There is no evidence of any act on the part of the plaintiff company which would release the defendant Bulluck from the notes. The defendant Spain testified that the only agreement of the plaintiff was to "take up and carry the note till the fall." There was no evidence of any binding agreement not to sue on the note for any definite period, nor that Bulluck was misled by the plaintiff and thus prevented from asserting his rights by a quia timet notice under Revisal, 2846. There was an expression of an intention not to force collection till the fall. There was no payment of interest in advance for a stated time, which would have been an implied promise. Revell v. Thrash, 132 N.C. 803. There was no express promise to release Bulluck and no agreement of (25) extension for a "fixed and definite" period. The additional security taken by the plaintiff inured to the benefit of Bulluck and could not be to his detriment.
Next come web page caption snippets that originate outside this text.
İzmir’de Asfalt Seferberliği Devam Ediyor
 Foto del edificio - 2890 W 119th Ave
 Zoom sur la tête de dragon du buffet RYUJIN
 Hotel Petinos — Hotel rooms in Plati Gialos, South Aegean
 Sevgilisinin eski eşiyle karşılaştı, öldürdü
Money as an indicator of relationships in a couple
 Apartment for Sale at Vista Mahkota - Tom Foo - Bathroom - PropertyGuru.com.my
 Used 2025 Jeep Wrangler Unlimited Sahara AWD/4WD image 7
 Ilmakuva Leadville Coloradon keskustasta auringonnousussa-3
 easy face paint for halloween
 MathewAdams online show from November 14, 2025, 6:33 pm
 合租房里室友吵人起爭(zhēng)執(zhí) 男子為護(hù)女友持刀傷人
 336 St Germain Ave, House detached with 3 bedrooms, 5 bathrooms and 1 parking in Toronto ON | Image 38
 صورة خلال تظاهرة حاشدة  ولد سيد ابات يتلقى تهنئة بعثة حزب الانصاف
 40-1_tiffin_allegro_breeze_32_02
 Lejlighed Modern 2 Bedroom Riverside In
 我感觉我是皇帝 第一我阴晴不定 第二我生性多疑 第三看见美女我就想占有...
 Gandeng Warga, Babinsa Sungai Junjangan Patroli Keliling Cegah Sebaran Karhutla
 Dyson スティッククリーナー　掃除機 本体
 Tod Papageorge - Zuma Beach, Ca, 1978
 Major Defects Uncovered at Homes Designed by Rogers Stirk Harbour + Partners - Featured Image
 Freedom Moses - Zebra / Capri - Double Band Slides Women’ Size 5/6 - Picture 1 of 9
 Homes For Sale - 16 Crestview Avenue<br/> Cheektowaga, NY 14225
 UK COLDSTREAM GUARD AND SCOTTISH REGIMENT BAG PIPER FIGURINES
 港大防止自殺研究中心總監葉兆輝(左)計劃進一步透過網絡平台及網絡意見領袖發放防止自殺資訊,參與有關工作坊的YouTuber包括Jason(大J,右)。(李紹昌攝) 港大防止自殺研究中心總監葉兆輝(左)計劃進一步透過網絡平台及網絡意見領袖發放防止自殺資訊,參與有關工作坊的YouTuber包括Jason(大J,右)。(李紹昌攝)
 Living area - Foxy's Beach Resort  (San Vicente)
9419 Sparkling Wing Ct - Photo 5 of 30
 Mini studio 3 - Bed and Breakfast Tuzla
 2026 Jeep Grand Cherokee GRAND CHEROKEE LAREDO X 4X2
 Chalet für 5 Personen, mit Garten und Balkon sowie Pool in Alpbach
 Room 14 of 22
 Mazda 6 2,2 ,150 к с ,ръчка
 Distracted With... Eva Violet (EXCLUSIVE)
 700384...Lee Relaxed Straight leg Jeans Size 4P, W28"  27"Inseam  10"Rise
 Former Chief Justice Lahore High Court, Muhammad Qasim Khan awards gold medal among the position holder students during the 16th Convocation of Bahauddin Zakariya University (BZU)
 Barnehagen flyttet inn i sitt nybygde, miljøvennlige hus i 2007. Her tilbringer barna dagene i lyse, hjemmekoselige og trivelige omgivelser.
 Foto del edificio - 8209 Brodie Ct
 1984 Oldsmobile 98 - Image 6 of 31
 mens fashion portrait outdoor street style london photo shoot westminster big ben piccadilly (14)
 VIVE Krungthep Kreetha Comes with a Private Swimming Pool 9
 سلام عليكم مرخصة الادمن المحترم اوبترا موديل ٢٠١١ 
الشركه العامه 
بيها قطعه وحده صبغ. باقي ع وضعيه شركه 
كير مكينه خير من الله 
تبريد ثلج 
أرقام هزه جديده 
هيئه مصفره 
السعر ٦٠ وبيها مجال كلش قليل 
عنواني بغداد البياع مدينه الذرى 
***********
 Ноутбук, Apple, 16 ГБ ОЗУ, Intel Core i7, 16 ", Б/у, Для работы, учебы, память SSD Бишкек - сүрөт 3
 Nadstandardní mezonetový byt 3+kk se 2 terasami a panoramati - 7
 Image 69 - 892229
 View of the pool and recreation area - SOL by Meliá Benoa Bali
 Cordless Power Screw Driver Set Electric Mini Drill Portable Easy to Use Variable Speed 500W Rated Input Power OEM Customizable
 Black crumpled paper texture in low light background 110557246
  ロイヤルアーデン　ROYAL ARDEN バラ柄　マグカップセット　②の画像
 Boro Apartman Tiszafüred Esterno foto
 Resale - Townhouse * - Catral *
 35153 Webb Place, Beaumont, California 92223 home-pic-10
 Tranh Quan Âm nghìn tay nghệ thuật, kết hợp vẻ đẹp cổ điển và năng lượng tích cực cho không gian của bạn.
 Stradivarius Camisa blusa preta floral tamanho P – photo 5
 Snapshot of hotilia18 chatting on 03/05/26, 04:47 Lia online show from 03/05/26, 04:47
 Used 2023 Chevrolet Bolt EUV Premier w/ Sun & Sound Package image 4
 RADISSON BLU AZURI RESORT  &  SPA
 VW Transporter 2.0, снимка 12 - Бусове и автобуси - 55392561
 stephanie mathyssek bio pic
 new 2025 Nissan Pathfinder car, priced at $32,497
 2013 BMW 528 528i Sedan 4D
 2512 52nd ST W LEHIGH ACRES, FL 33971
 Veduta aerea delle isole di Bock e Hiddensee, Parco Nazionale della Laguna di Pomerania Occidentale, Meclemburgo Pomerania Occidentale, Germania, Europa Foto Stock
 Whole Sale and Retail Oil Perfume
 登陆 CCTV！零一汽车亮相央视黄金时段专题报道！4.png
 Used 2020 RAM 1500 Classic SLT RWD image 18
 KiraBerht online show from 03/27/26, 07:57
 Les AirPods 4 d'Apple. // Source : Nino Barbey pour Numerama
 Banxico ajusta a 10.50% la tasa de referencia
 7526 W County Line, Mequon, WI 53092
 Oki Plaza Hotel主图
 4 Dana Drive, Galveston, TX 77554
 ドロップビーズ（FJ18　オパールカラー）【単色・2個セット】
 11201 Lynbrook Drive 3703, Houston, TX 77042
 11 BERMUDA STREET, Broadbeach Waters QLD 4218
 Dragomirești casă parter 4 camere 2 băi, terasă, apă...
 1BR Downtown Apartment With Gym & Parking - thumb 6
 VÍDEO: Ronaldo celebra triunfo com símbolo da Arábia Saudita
On the face of the notes the defendant Bulluck was primarily liable, and an extension of time to Spain would not release him, in the absence of proof that he was surety. Even if Bulluck was only secondarily liable, to the knowledge of the plaintiff, he could be discharged only in one of the ways provided in Revisal, 2270, i.e., by the discharge of the instrument; by the cancellation of his signature by the holder; by the discharge of the principal by the valid tender of payment by the principal; by a release of the principal, without reserving the right of recourse against the surety, or by an agreement binding upon the holder to extend the time of payment, or to postpone the holder's right for enforcement, without the assent of the surety and not reserving the right of recourse against him. The claim of Bulluck is under the last provision and is not sustained by proof, and the court properly instructed the jury if they believed the evidence to answer the issue in favor of the plaintiff.
The mere fact that the plaintiff stated that he would "take up and carry the notes," without any agreement to do so for a definite and fixed period, did not prevent the plaintiff from bringing an action nor debar the defendant Bulluck from giving a quia timet notice under Revisal, 2846, which was his remedy unless he chose to pay the note himself and sue the principal, Revisal, 2271. The intention thus expressed to "carry the note" was no part of the assignment by Winslow to plaintiff, but the statement of a benign purpose on the part of the assignee towards Spain for no "fixed and definite" period. The witness testified that Ruffin, for plaintiff, said "he would let me off until next fall, he reckoned. No distinct time was mentioned."
No error.
Cited: McInturff v. Gahagan, 193 N.C. 149; Fertilizer Co. v. Eason, 194 N.C. 249; Trust Co. v. Black, 198 N.C. 221; Taft v. Covington, 199 N.C. 56, 57; Trust Co. v. York, 199 N.C. 627.